* Data to examine

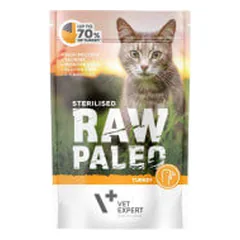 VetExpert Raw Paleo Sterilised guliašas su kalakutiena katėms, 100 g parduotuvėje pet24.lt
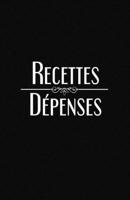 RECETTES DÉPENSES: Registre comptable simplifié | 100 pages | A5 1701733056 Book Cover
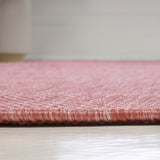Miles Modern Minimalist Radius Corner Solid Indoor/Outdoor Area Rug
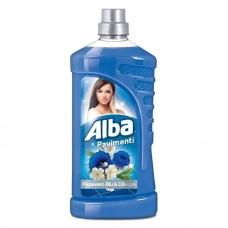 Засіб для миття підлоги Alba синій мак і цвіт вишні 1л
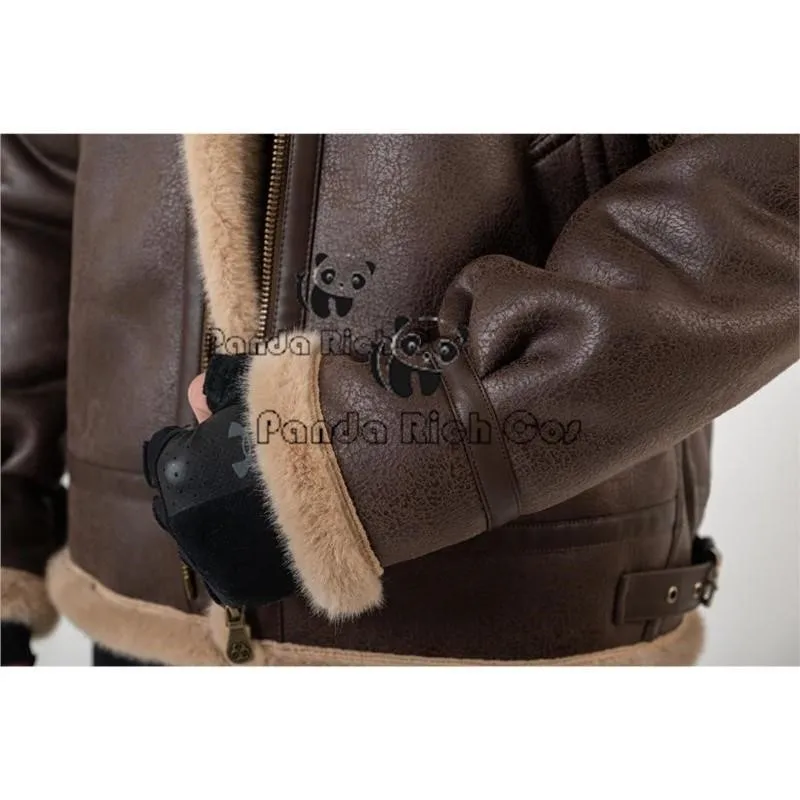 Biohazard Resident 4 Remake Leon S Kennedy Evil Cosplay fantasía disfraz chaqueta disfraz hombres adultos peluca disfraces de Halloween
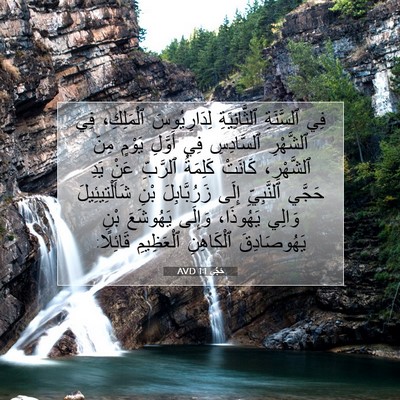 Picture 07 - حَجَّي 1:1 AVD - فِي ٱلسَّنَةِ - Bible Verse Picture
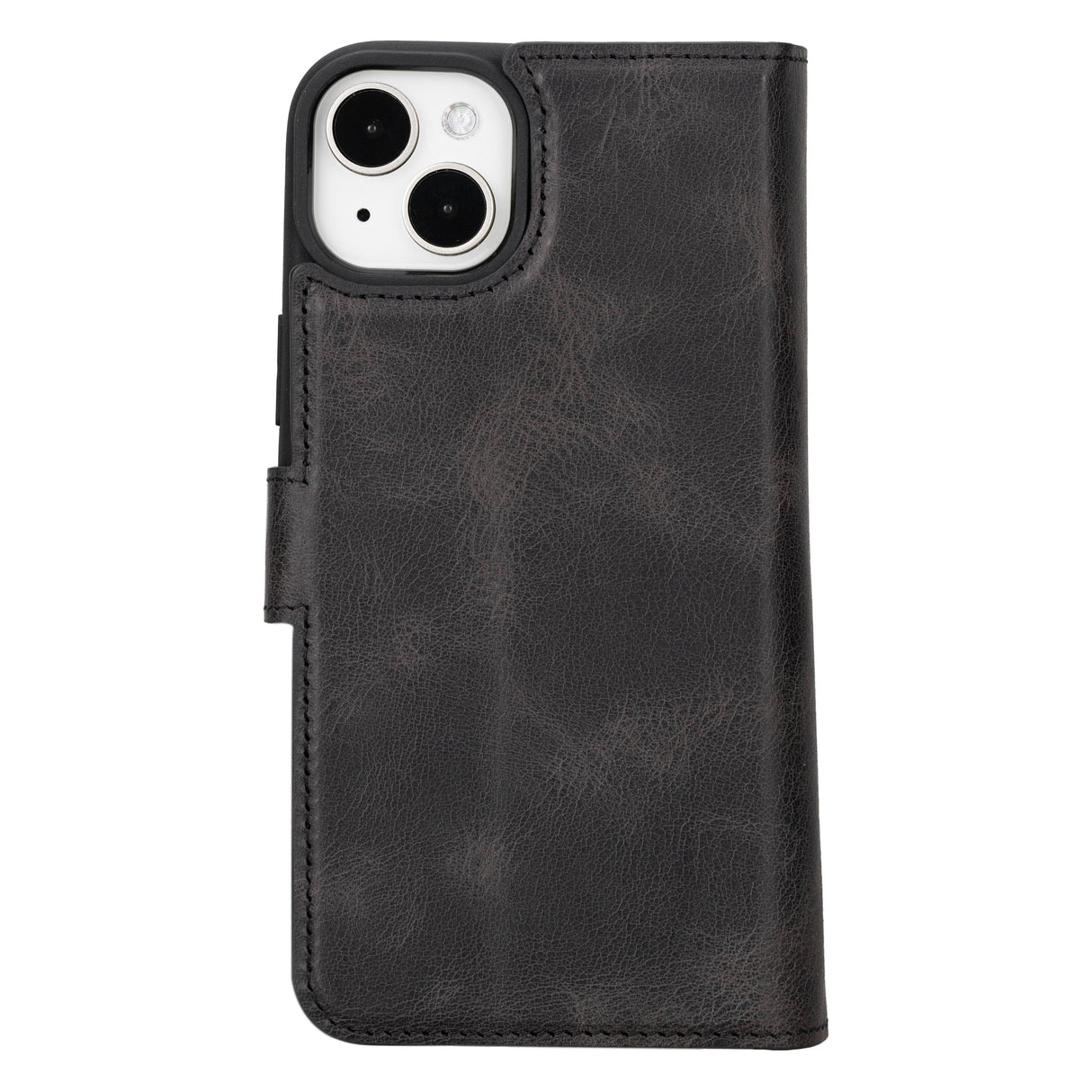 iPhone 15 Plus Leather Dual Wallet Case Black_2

...

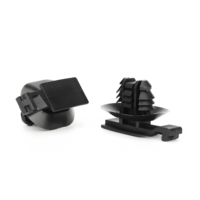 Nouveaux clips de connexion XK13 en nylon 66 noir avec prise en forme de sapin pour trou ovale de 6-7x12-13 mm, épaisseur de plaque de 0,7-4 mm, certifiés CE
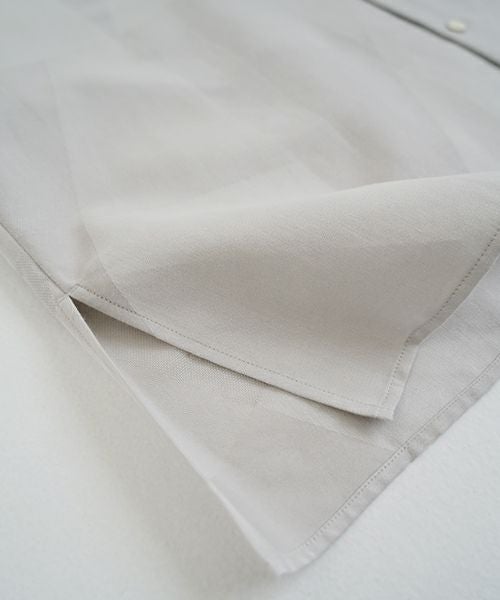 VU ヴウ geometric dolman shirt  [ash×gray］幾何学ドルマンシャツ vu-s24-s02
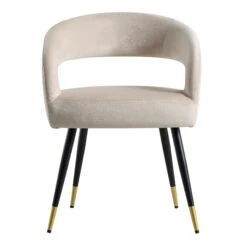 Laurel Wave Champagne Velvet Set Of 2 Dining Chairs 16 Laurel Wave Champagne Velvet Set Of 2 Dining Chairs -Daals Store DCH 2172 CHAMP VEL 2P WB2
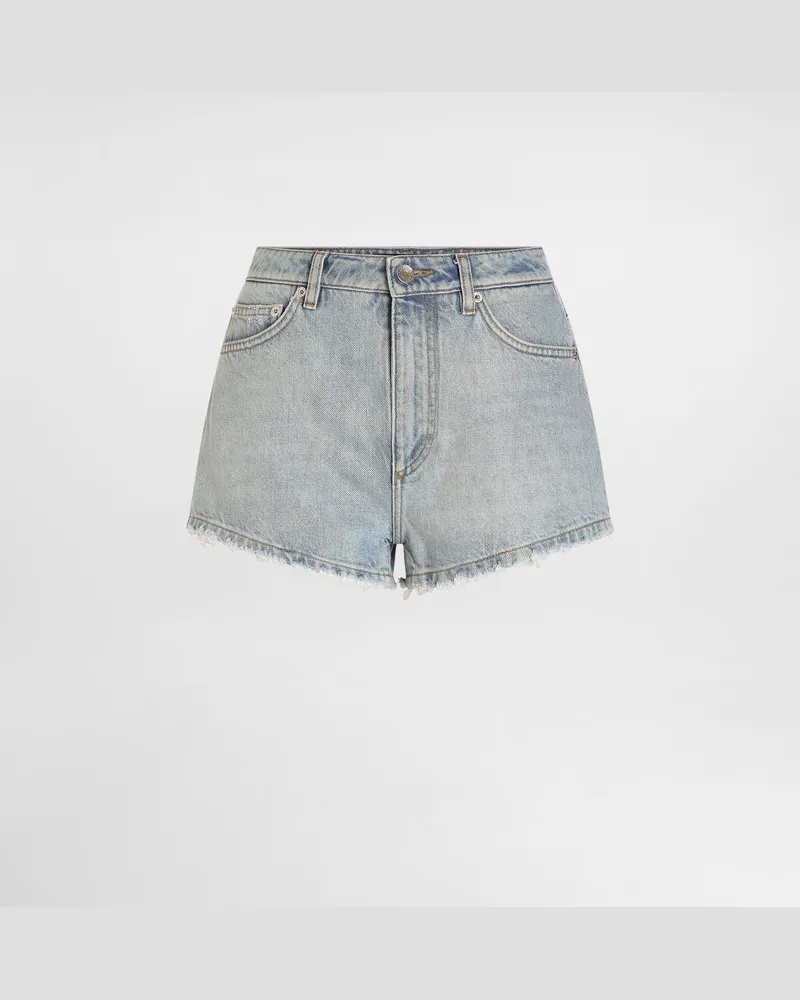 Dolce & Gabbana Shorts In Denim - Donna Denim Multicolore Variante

* Work task
The output is the stretch above from the line with "Laurel Wave Champagne Velvet Set Of 2 Dining Chairs 16" through the line with "Dolce & Gabbana", copied word for word with both ends kept and every picture dropped.

* Reply to the task
 Laurel Wave Champagne Velvet Set Of 2 Dining Chairs 16 Laurel Wave Champagne Velvet Set Of 2 Dining Chairs -Daals Store DCH 2172 CHAMP VEL 2P WB2
 Dolce & Gabbana Shorts In Denim - Donna Denim Multicolore Variante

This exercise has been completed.